Re: [PATCH] Clarify the behavior of the system when approaching XID wraparound

From: John Naylor <john(dot)naylor(at)enterprisedb(dot)com>
To: Peter Geoghegan <pg(at)bowt(dot)ie>
Cc: Aleksander Alekseev <aleksander(at)timescale(dot)com>, PostgreSQL Hackers <pgsql-hackers(at)lists(dot)postgresql(dot)org>, Pavel Borisov <pashkin(dot)elfe(at)gmail(dot)com>
Subject: Re: [PATCH] Clarify the behavior of the system when approaching XID wraparound
Date: 2023-05-01 12:33:52
Message-ID: CAFBsxsFQrDecSOVNeuN0Ay3bJCVp7rVFCBVXMNNNj4UwyGTBHA@mail.gmail.com
Views: Raw Message | Whole Thread | Download mbox | Resend email
Thread:
Lists: pgsql-hackers

On Mon, May 1, 2023 at 2:30 AM Peter Geoghegan <pg(at)bowt(dot)ie> wrote:
>
> On Sat, Apr 29, 2023 at 7:30 PM John Naylor
> <john(dot)naylor(at)enterprisedb(dot)com> wrote:
> > How about
> >
> > -HINT: To avoid a database shutdown, [...]
> > +HINT: To prevent XID exhaustion, [...]
> >
> > ...and "MXID", respectively? We could explain in the docs that vacuum
and read-only queries still work "when XIDs have been exhausted", etc.
>
> I think that that particular wording works in this example -- we *are*
> avoiding XID exhaustion. But it still doesn't really address my
> concern -- at least not on its own. I think that we need a term for
> xidStopLimit mode (and perhaps multiStopLimit) itself. This is a
> discrete state/mode that is associated with a specific mechanism.

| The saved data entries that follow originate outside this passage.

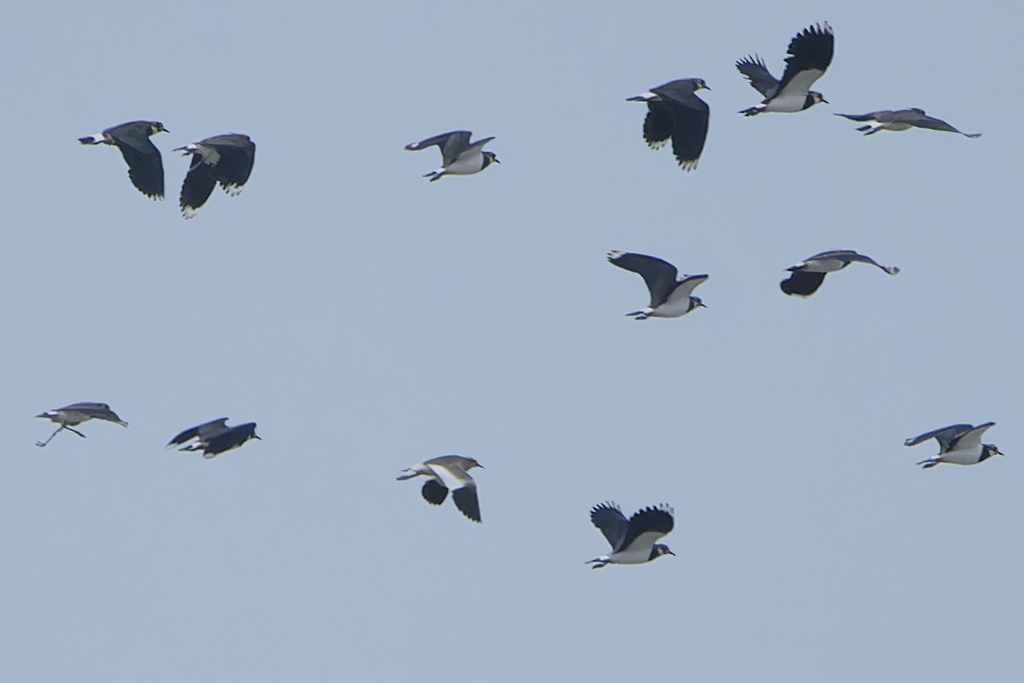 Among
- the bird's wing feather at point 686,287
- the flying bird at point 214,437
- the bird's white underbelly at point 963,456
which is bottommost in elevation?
A: the flying bird at point 214,437

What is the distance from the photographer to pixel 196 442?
37094 mm

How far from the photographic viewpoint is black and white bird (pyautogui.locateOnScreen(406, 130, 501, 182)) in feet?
124

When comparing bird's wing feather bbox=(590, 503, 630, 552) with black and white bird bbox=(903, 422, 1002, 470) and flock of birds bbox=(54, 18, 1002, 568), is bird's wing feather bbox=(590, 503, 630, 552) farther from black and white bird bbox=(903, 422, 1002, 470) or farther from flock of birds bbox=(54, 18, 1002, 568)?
black and white bird bbox=(903, 422, 1002, 470)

Well, since you have a placeholder "xidStopLimit mode" in your other patch,
I'll confine my response to there. Inventing "modes" seems like an awkward
thing to backpatch, not to mention moving the goalposts. My modest goal
here is quite limited: to stop lying to our users about "not accepting
commands", and change tragically awful advice into sensible advice.

Here's my new idea:

-HINT: To avoid a database shutdown, [...]
+HINT: To prevent XID generation failure, [...]

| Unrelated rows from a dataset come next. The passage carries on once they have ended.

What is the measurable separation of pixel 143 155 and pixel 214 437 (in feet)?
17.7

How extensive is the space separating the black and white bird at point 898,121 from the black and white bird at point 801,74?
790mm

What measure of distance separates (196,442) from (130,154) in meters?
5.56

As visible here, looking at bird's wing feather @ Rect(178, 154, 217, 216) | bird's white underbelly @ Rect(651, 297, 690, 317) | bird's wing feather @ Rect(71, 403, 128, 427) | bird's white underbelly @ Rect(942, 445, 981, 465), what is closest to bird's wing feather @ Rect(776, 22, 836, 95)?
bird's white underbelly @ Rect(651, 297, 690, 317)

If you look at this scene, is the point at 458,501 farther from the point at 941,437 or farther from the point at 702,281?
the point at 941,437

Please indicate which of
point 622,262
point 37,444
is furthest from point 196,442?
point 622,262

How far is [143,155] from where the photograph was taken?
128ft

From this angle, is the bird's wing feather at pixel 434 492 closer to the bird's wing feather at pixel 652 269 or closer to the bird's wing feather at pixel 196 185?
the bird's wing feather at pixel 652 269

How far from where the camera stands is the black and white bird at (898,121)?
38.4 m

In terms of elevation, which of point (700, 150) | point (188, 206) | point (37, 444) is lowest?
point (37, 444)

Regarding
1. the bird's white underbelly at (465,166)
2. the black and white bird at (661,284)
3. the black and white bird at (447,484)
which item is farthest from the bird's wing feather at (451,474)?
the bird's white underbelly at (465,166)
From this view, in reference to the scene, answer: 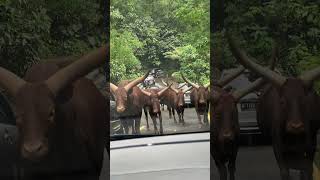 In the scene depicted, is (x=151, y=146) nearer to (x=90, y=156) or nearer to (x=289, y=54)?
(x=90, y=156)

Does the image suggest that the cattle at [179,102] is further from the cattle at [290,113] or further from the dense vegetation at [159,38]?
the cattle at [290,113]

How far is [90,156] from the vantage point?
4.46m

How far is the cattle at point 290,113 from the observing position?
450 centimetres

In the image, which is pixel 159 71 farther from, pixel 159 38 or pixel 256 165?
pixel 256 165

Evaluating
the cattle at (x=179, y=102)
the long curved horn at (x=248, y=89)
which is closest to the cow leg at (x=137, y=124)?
the cattle at (x=179, y=102)

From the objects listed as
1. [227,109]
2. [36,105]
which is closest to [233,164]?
[227,109]

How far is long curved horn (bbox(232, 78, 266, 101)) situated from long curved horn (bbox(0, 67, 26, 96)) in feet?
6.73

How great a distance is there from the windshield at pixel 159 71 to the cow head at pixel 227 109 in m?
0.83

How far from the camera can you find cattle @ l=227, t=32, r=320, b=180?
4496 millimetres

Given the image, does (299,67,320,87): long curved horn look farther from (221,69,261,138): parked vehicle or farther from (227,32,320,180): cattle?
(221,69,261,138): parked vehicle

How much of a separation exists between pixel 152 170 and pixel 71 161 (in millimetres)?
1980

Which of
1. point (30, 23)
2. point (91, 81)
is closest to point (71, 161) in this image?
point (91, 81)

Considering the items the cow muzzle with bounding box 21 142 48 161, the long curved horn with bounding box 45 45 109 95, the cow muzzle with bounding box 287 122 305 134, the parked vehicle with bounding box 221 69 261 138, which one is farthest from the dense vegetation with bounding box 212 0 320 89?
the cow muzzle with bounding box 21 142 48 161

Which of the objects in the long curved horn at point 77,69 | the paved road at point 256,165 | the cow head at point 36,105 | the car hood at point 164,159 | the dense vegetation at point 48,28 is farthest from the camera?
the car hood at point 164,159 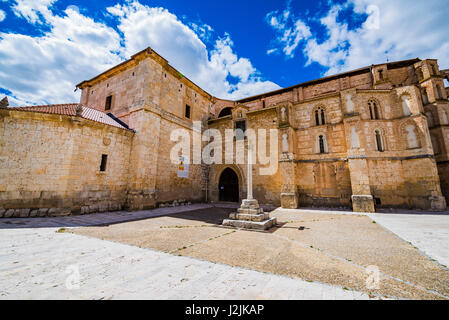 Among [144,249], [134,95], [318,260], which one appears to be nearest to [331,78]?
[134,95]

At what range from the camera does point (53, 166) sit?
8.06 metres

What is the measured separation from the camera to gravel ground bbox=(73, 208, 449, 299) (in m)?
2.59

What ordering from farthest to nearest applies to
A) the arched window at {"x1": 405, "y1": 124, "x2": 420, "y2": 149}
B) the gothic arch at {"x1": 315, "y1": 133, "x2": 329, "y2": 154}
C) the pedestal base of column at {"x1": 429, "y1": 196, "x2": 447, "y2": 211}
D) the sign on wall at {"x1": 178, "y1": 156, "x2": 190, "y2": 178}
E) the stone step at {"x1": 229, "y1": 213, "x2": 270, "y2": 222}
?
the sign on wall at {"x1": 178, "y1": 156, "x2": 190, "y2": 178}
the gothic arch at {"x1": 315, "y1": 133, "x2": 329, "y2": 154}
the arched window at {"x1": 405, "y1": 124, "x2": 420, "y2": 149}
the pedestal base of column at {"x1": 429, "y1": 196, "x2": 447, "y2": 211}
the stone step at {"x1": 229, "y1": 213, "x2": 270, "y2": 222}

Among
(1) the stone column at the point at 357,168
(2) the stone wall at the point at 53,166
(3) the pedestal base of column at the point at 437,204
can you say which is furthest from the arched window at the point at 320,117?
(2) the stone wall at the point at 53,166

Actually, I like "allocation" better, but the v8 patch now has "generation"
simply because one MXID message already has "generate" and I did it that
way before thinking too hard. I'd be okay with either one as long as it's
consistent.

> > (I should probably also add in the commit message that the "shutdown"
in the message was carried over to MXIDs when they arrived also in 2005).

Done

> > > Separately, there is a need to update a couple of other places to use
> > > this new terminology. The documentation for vacuum_sailsafe_age and
> > > vacuum_multixact_failsafe_age refer to "system-wide transaction ID
> > > wraparound failure", which seems less than ideal, even without your
> > > patch.
> >
> > Right, I'll have a look.

Looking now, I'm even less inclined to invent new terminology in back
branches.

> As you know, there is a more general problem with the use of the term
> "wraparound" in the docs, and in the system itself (in places like
> pg_stat_activity). Even the very basic terminology in this area is
> needlessly scary. Terms like "VACUUM (to prevent wraparound)" are
> uncomfortably close to "a race against time to avoid data corruption".
> The system isn't ever supposed to corrupt data, even if misconfigured
> (unless the misconfiguration is very low-level, such as "fsync=off").
> Users should be able to take that much for granted.

Granted. Whatever form your rewrite ends up in, it could make a lot of
sense to then backpatch a few localized corrections. I wouldn't even object
to including a few substitutions of s/wraparound failure/allocation
failure/ where appropriate. Let's see how that shakes out first.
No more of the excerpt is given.